» What is needed: Pictures in the data should be dropped; transcribe exactly the lines from the one that has "Heat the cell" through the one that has "I love the Orbi".

» Data shown:
──────
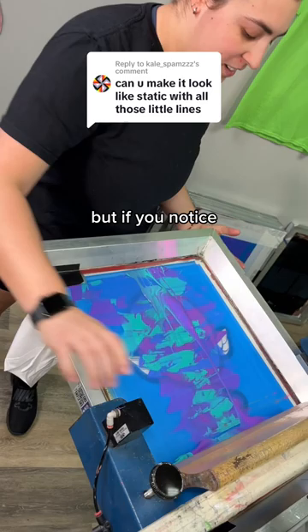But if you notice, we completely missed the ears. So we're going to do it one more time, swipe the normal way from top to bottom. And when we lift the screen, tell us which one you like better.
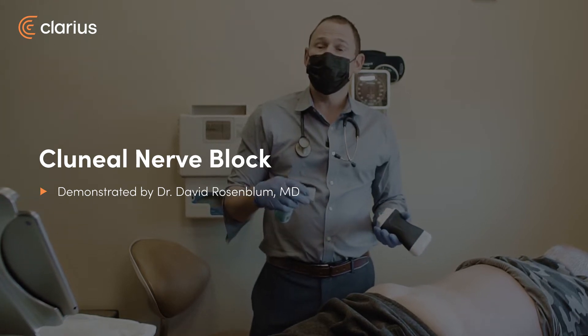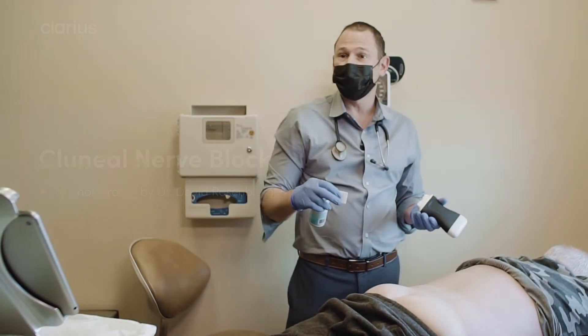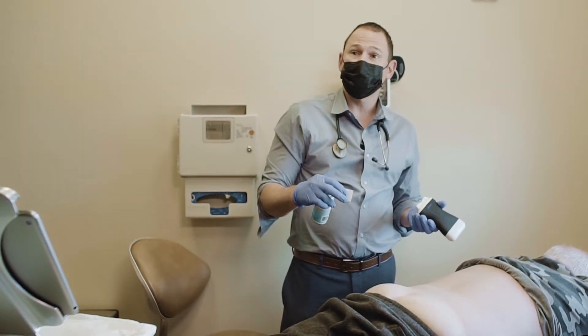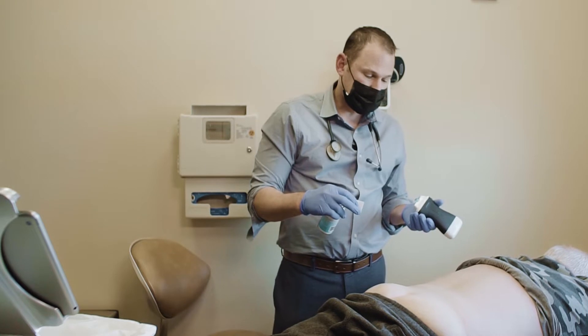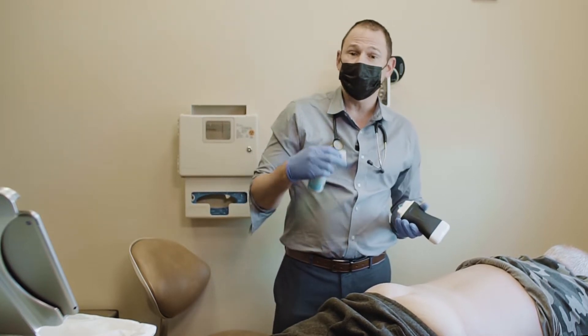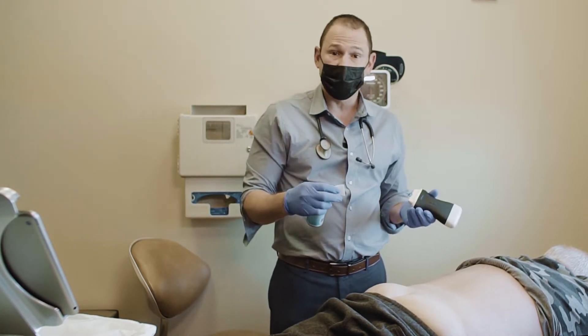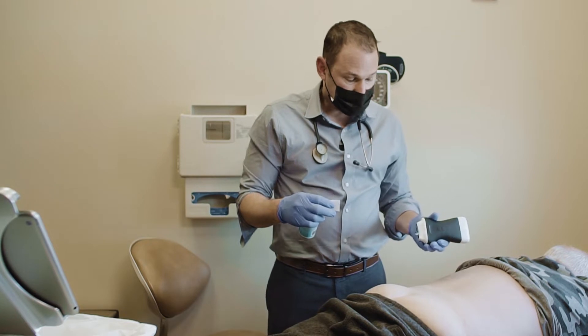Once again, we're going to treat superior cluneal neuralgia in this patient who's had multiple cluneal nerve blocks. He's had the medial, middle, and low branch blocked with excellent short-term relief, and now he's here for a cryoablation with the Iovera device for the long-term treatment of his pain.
──────
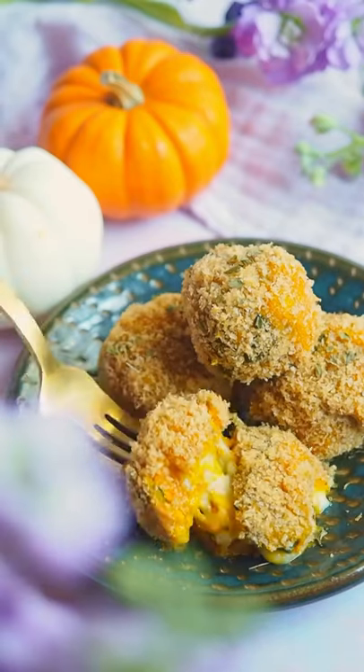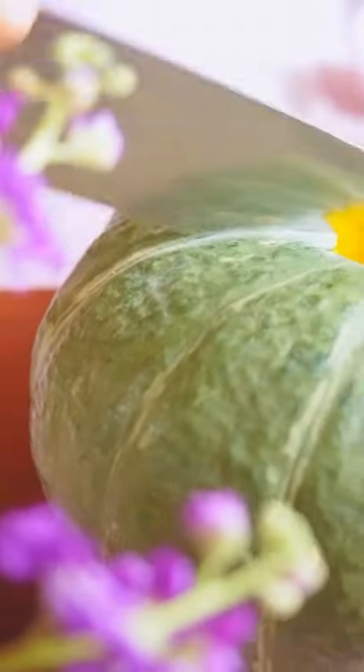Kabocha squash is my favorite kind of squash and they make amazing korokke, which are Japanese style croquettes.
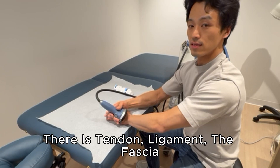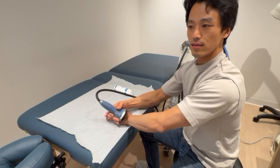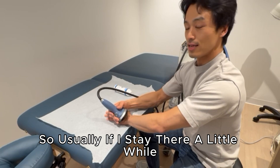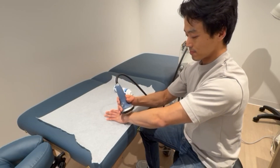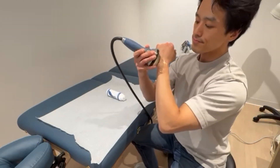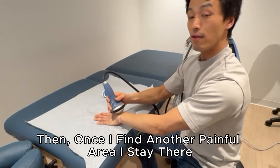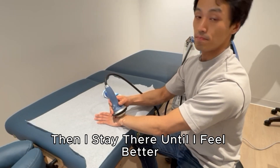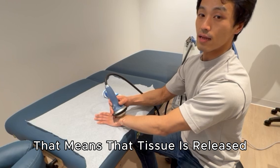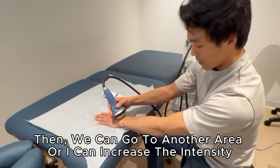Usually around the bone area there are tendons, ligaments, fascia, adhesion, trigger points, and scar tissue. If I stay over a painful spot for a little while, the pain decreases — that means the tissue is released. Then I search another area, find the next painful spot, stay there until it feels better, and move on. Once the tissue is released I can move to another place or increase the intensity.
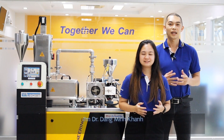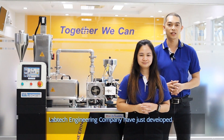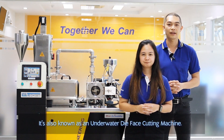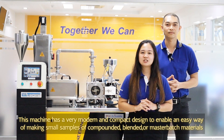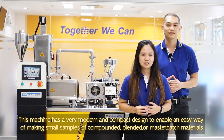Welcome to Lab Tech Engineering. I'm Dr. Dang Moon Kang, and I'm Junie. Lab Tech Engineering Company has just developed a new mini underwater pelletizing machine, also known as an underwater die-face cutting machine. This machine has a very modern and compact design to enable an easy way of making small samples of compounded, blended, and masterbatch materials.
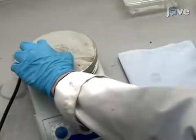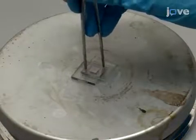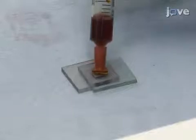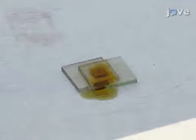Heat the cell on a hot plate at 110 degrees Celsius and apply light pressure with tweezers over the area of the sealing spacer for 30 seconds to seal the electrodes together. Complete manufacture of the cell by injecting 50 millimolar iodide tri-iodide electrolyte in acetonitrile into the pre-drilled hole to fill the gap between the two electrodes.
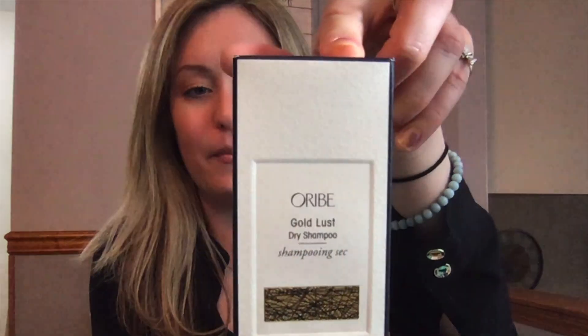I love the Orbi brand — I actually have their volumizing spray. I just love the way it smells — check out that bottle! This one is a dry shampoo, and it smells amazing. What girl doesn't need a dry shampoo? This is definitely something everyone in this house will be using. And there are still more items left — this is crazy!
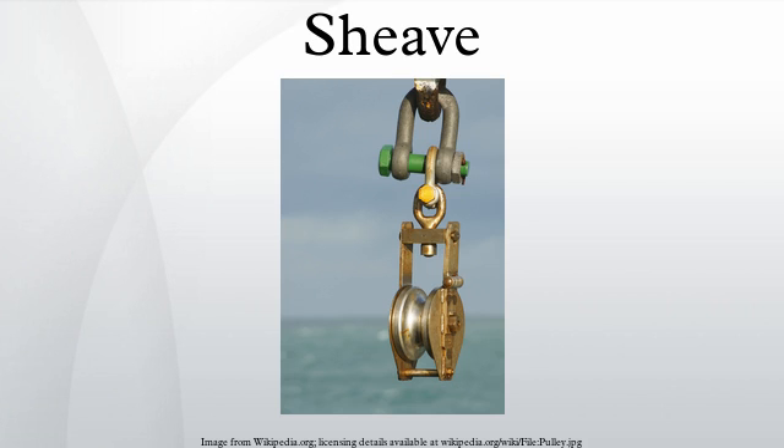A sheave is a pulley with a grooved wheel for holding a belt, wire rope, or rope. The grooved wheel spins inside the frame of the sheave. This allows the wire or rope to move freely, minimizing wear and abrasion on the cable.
──────
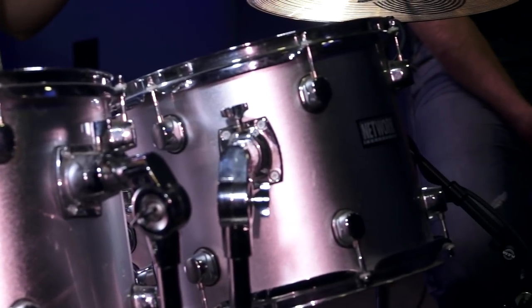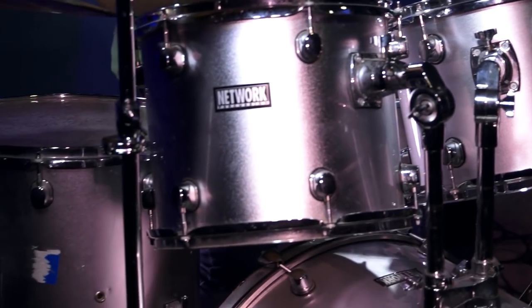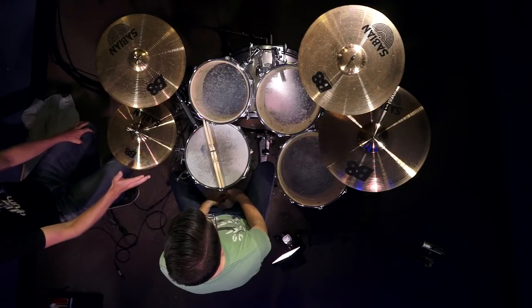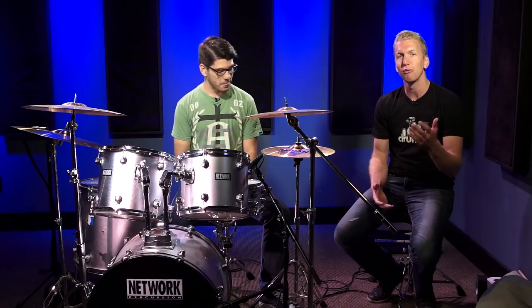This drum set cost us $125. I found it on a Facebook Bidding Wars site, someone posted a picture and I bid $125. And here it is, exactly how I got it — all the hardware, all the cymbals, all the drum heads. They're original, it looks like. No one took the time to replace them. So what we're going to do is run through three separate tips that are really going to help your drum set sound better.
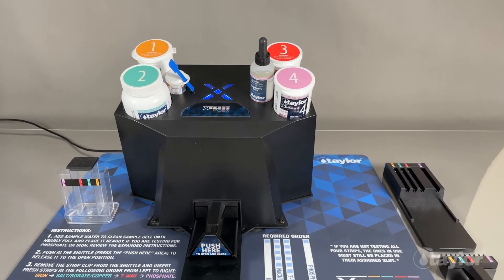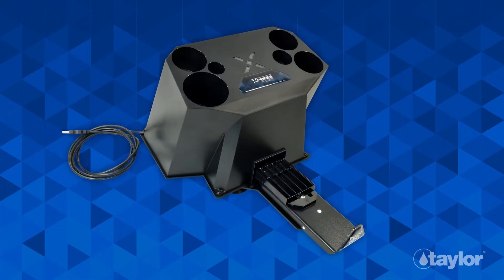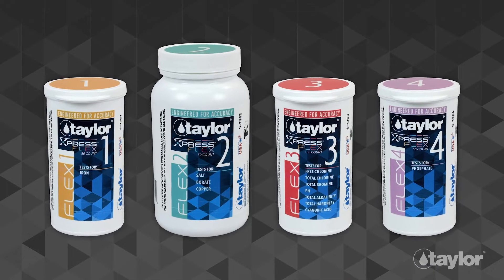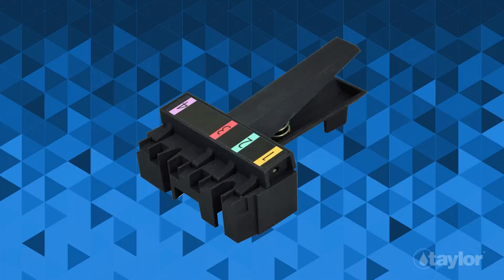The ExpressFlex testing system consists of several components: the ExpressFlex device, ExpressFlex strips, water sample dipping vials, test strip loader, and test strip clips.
──────
» Reply:
Heat the cell on a hot plate at 110 degrees Celsius and apply light pressure with tweezers over the area of the sealing spacer for 30 seconds to seal the electrodes together. Complete manufacture of the cell by injecting 50 millimolar iodide tri-iodide electrolyte in acetonitrile into the pre-drilled hole to fill the gap between the two electrodes.
I love the Orbi brand — I actually have their volumizing spray. I just love the way it smells — check out that bottle! This one is a dry shampoo, and it smells amazing. What girl doesn't need a dry shampoo? This is definitely something everyone in this house will be using. And there are still more items left — this is crazy!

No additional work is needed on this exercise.